Veniamin worked at the West Melbourne wholesale fruit and vegetable market. A few years before his death, Veniamin fathered a daughter as the result of a casual affair.

Prior to his life of crime, Veniamin was an amateur boxer. Trained by Australian Olympic Boxing Coach Beau Gerring, he was to travel to the 1994 Commonwealth Games in Canada to box for Australia. However, when he took part in a robbery on a cigarette truck, those hopes were quashed. His most notable fight was in 1997 against Ben Serranno, in an event organised by the Carlton Crew. He lost the fight, and never fought again.

He was also a known associate of Dino Dibra, who was murdered at his home in October 2000, and of Paul Kallipolitis, who was shot in similar circumstances two years later. Victoria Police say Veniamin was one of the most dangerous and feared men connected to Melbourne's crime scene, and by the time of his death in 2004, they had connected him with several of Melbourne's underworld murders. The church where he was made an altar boy, and where his funeral was held, was also no more than a block away from the Sunshine West house in front of which Dibra was killed.

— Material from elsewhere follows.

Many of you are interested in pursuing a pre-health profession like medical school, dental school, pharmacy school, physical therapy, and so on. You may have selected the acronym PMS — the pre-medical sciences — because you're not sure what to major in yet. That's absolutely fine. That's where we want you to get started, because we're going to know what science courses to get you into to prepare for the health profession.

Veniamin met with Nik Radev on 15 April 2003, the day Radev was murdered, in Coburg. Veniamin associated with an underworld group known as The Carlton Crew; after 2003 he was connected with the Williams Family, and was a close friend of Carl Williams.

==Relationship with Roberta Williams==
He was a close friend of Carl Williams and his wife Roberta. Although Roberta had previously rejected claims she and Veniamin were intimate, in early 2009 she admitted that he was her soulmate. She said that every Tuesday he would pick her daughters up and take them to religion classes, bring them home and give them a bath. He said his favourite day of the week was Tuesday and Roberta said her younger daughter, Dhakota, idolised him.

==Death==
Veniamin died in the La Porcella restaurant in Carlton on 23 March 2004 at around 2.30pm after being shot by former associate Domenic "Mick" Gatto. Gatto was charged with his murder but acquitted on self-defence grounds.

During the trial, Gatto claimed Veniamin had pulled out a .38 pistol and threatened to kill him, when they were together in an enclosed area at the back of the restaurant. There were no witnesses. Gatto claims Veniamin lost his temper after being told that "he'd rather [Veniamin] not come around near [Gatto's group of friends] at all", that Veniamin drew a gun and that during a struggle he was able to turn the gun around on Veniamin and fire one shot into his neck, and one shot into the eye. Gatto also claimed that before Veniamin lost his temper, Veniamin had implicated himself in the deaths of Dino Dibra, Paul Kallipolitis and Graham Kinniburgh; he is also believed to have killed underworld figure Victor Peirce. His funeral was held at the Greek Orthodox Church in Sunshine West, in western Melbourne, the same church where he had been an altar boy.

==In popular culture==
In the first season of drama series Underbelly, Veniamin was portrayed by actor Damian Walshe-Howling.